January 15 is Martin Luther King, Jr. Day, marking what would have been the 89th birthday of the great civil rights leader and Baptist minister. Although copyright is not (and should not be) the first thing that comes to mind when we think of Dr. King, the impact of his legacy on copyright law ought to be somewhere on the list. Indeed, Dr. King’s name has popped up as the litigant, author, or subject matter of dozens of copyright cases. Here are five things you should know about Martin Luther King, Jr. and copyright law.

  1. The “I Have a Dream” Speech is Protected by Copyright . . .

Dr. King delivered his “I have a dream” speech during the March on Washington for Jobs and Freedom on August 28, 1963. After the march, Dr. King entered into negotiations with Motown Records to distribute the speech, but several other records companies beat him to the punch and started selling unauthorized LPs. Dr. King registered the text of his speech with the U.S. Copyright Office in the Fall of 1963, and then brought suit against these alleged pirates in the Southern District of New York.
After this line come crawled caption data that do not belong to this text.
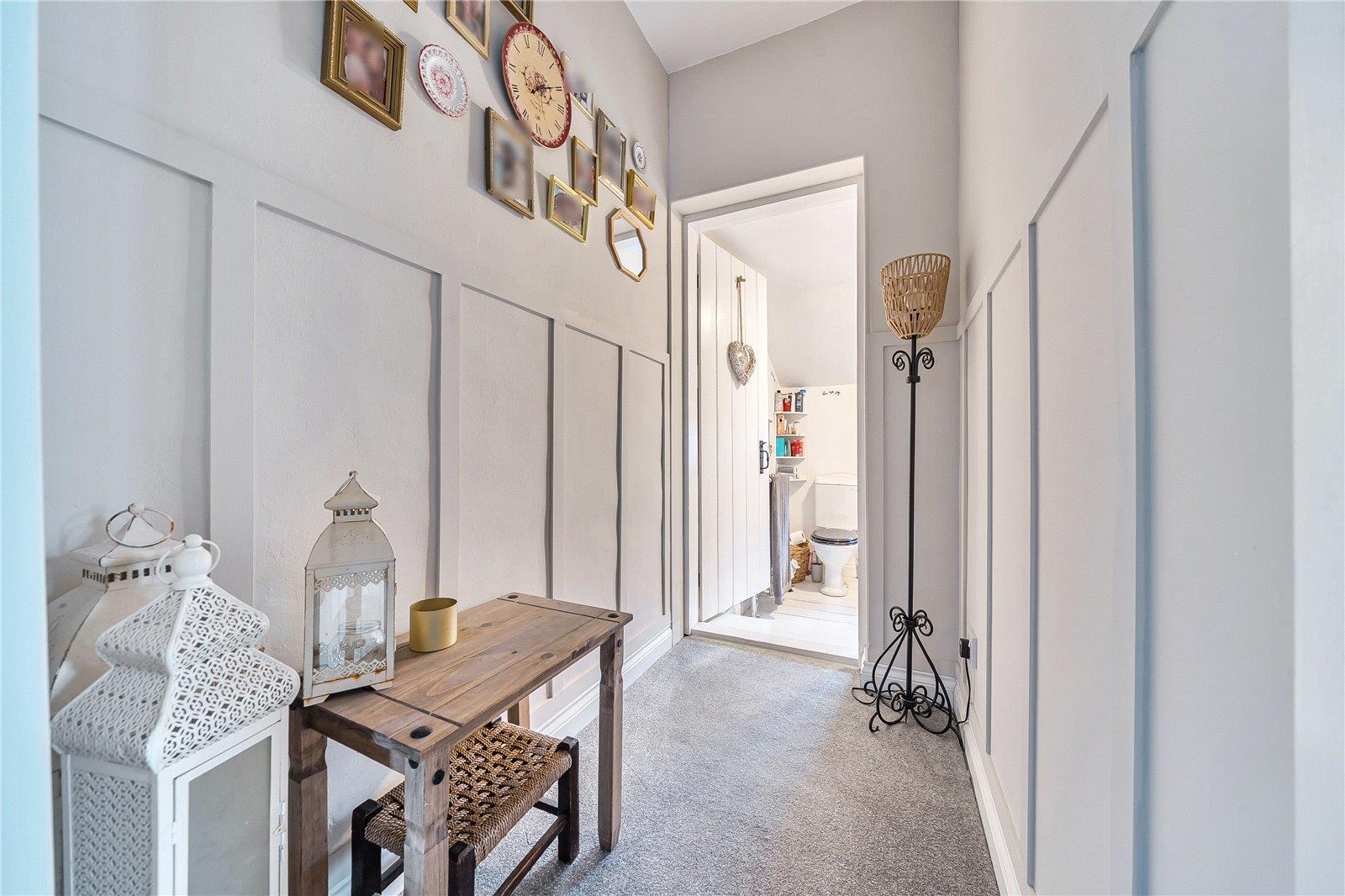 Property Image d7bd63de-b3d6-4237-92cf-e54f3cde08d3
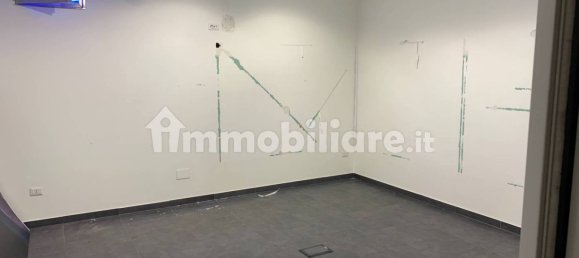 5 rooms Commercial property in Naples, Italy No. 317440 7
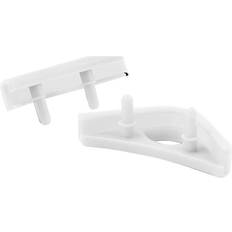 NA-SAVP1 Anti-Vibration Pads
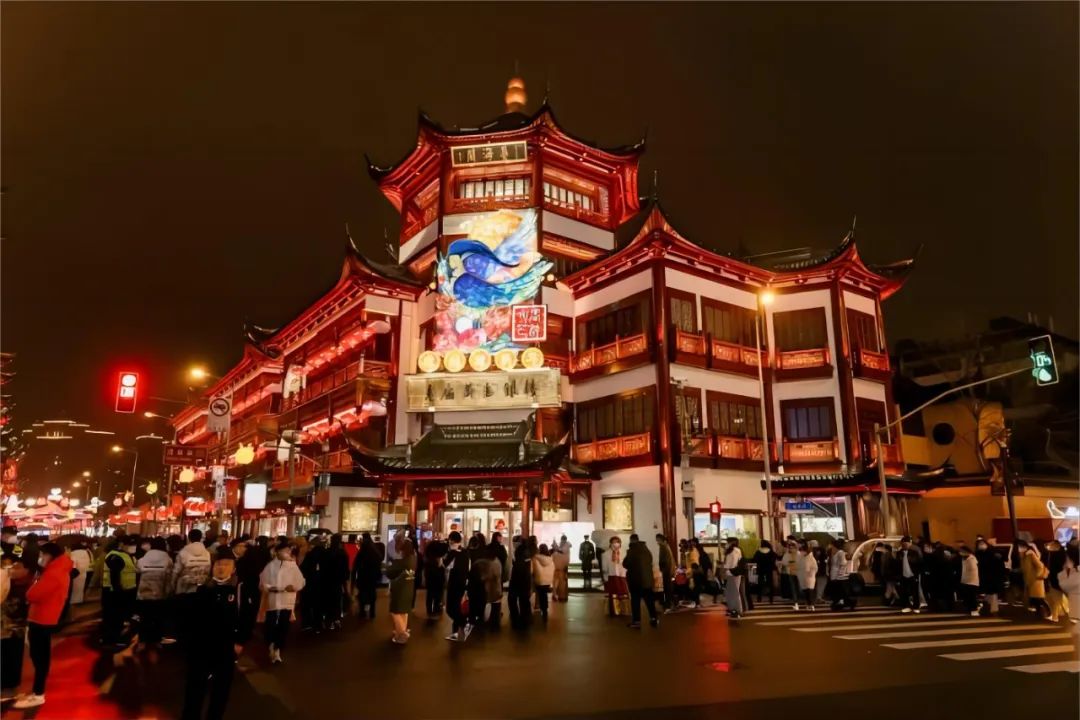 上海商业房产价值排名,上海四大城市副中心商业地产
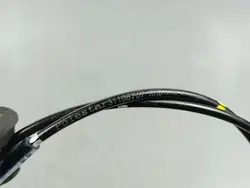 Cable de cierre capó Polestar 2 2024 OEM 31108767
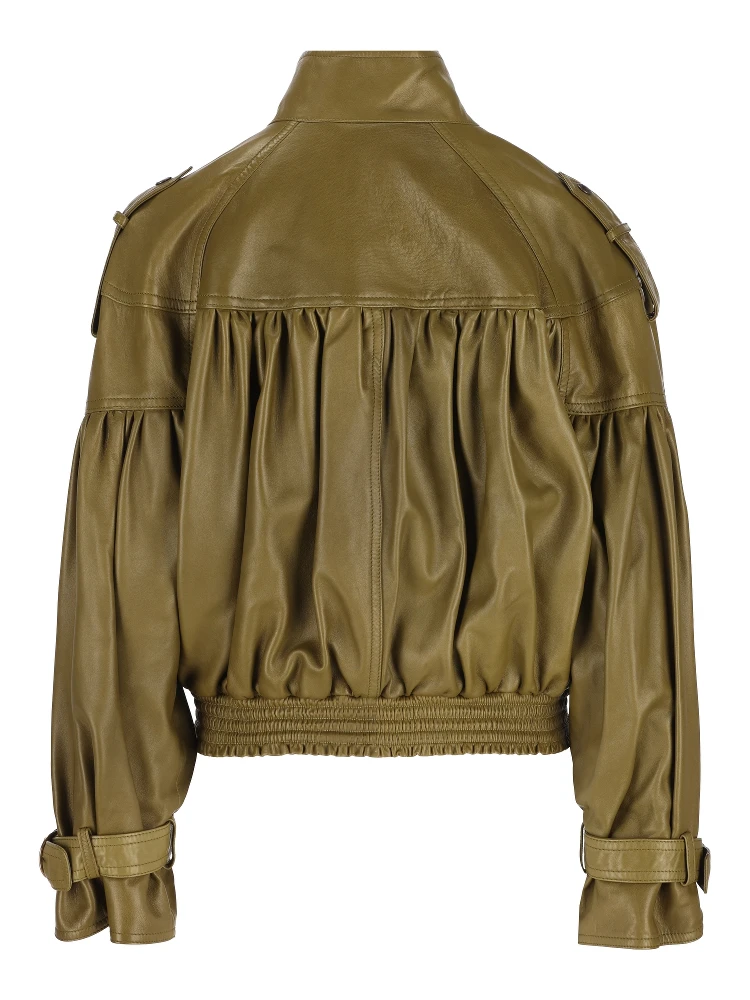 Chloè Jackets alternative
The key issue in the case, King v. Mister Maestro, Inc., was whether Dr. King had “published” the speech prior to observing the formalities required by the 1909 Copyright Act, such as affixing to it a copyright notice. The record companies argued that Dr. King published the work by delivering it publicly and by circulating mimeographed copies in the press tent (without any copyright notice) just before the speech, thus depriving the work of copyright protection. But the Court came down on Dr. King’s side, holding that the public delivery of a speech was not a publication of the written work, and that the distribution to the press was only a “limited publication” which did not deprive Dr. King of statutory copyright protection. The fair use doctrine, not codified until the 1976 Copyright Act, was not considered at all. On December 13, 1963, the Court enjoined further distribution of the unauthorized recordings.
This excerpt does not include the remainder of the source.